Recently, I have been studying a quantum protocol for the "Hidden Matching" problem that makes use of states that can be expressed as

$|\psi\rangle=\frac{1}{\sqrt{n}}\sum_{i=1}^n (-1)^{x_i}|i\rangle$,

where $x_i\in \{0,1\}$ and $n$ is a power of 2. Note that instead of an $n$-level system we can consider these as states of $\log_2 n$ qubits. I suspect these states to have appeared in other contexts as they are a straightforward and useful way to map an $n$ bit string into an exponentially smaller amount of qubits. Hence I am wondering: have the properties of these types of states been already extensively studied?
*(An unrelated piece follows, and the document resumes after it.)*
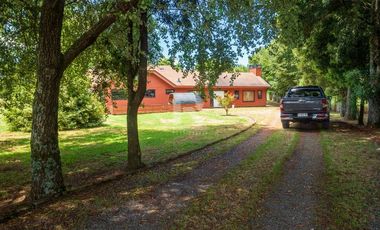 HERMOSA CASA EN CONDOMINIO A SÓLO 6KM DEL CENTRO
I am particularly interested in how the reduced density matrix of each qubit and the entanglement of the state depend on the bit values $x_i$.

Thank you!

• Are you interested in multi-partite ent. or bipartite ent.? In the second case, where would the cut be? Also, if this is also you, you can ask the moderators to merge the two accounts. – Alessandro Cosentino Jun 8 '12 at 3:10
• Such states appear fairly frequently in quantum information. For example, they occur in quantum fingerprinting (quant-ph/0102001). I'm sure there is a name for this particular class of states, but I can't remember what it is. – Joe Fitzsimons Jun 8 '12 at 10:16
• I am interested in multipartite entanglement. Also, you are right, that account is also me and I have to thank you for reminding me of this! How exactly can I contact moderators to have them merged? Thanks – Juan Miguel Arrazola Jun 15 '12 at 16:28

Notice also that graph states are a special case of your states. In particular, $\psi$ is a graph state if and only if the sequence $x$ is generated by a quadratic polynomial in GF(2).